Rochdale (England) Observer

At the close of his remarks on a recently published pamphlet attacking Christian Science, your contributor "Observer" says that "no Christian Scientist can have any but a controversial objection to it." Permit me to say that when a Christian Scientist learns of a minister of religion misrepresenting and heaping obloquy upon what experience has convinced him to be the greatest blessing awaiting the race, and stigmatizing what is most sacred to him as a "force working ruin of body and soul," it is something more than a "controversial objection" that rises within him. What he does feel is a deep regret for such utterances, and a hope that as few as possible may be misled by them.

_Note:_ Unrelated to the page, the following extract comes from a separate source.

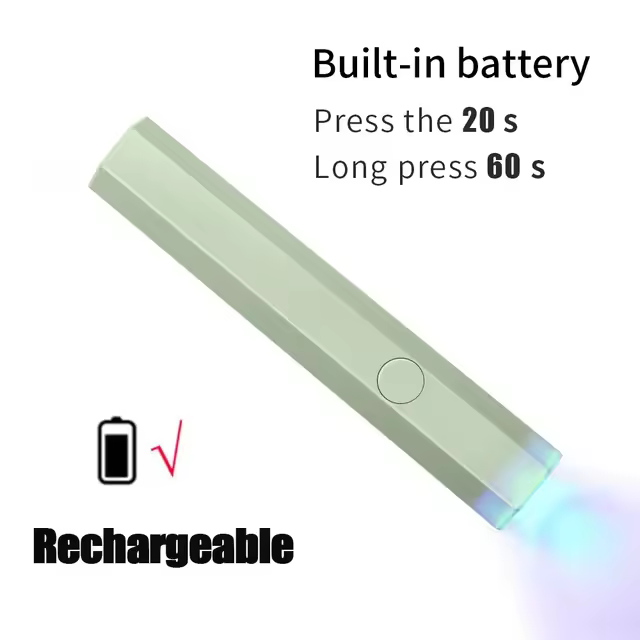 Lámpara UV LED Recargable por USB Secado Rápido Arte de Uñas Portátil Uso Doméstico y de Viaje - 1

I cannot ask you for space to examine the statements of the author in any detail. The pamphlet is mainly extracts from the Christian Science text-book, stripped of their context, and used in an effort to show that Christian Science does not square with what the author calls "Christianity," meaning thereby his own Christianity, and hence to justify him in calling it names. The tract bears the title "What is Christian Science?" but one may search it from beginning to end without finding any attempt to answer the query. Nor does the author pretend to any first-hand acquaintance with results. And more and more is the world now growing interested in results. To be sure, our critic admits that there are Christian Scientists of excellent character, but their virtues, we are told, "are doomed to disappear" if they continue in the faith. It is nothing to him that there is not to be found in the whole huge army of Christian Scientists one who will not avow that his faith has made him a better man. It is nothing to him that a true Christian Scientist is one who by purity of motive, thought, and conduct is endeavoring to form a channel for the healing power of love to reach his brother man. He is a "monstrous heretic" and "callously cruel." It is nothing to him that there are multitudes who declare themselves to have been healed through Christian Science after all material means had failed them. It has not healed all the sick in the hospitals, so it must be a fraud, he says. One is led to wonder whether the author remembers that the Founder of Christianity and the apostles would not be left unaffected by such an argument. But perhaps the most astounding statement in the tract is one to the effect that Christian Science "repudiates healing in answer to prayer." The whole mission of Christian Science is directed to teaching one how to pray so that healing form sin and sickness may result. The secret of that prayer is knowledge of God, a scientific understanding of His omnipresence.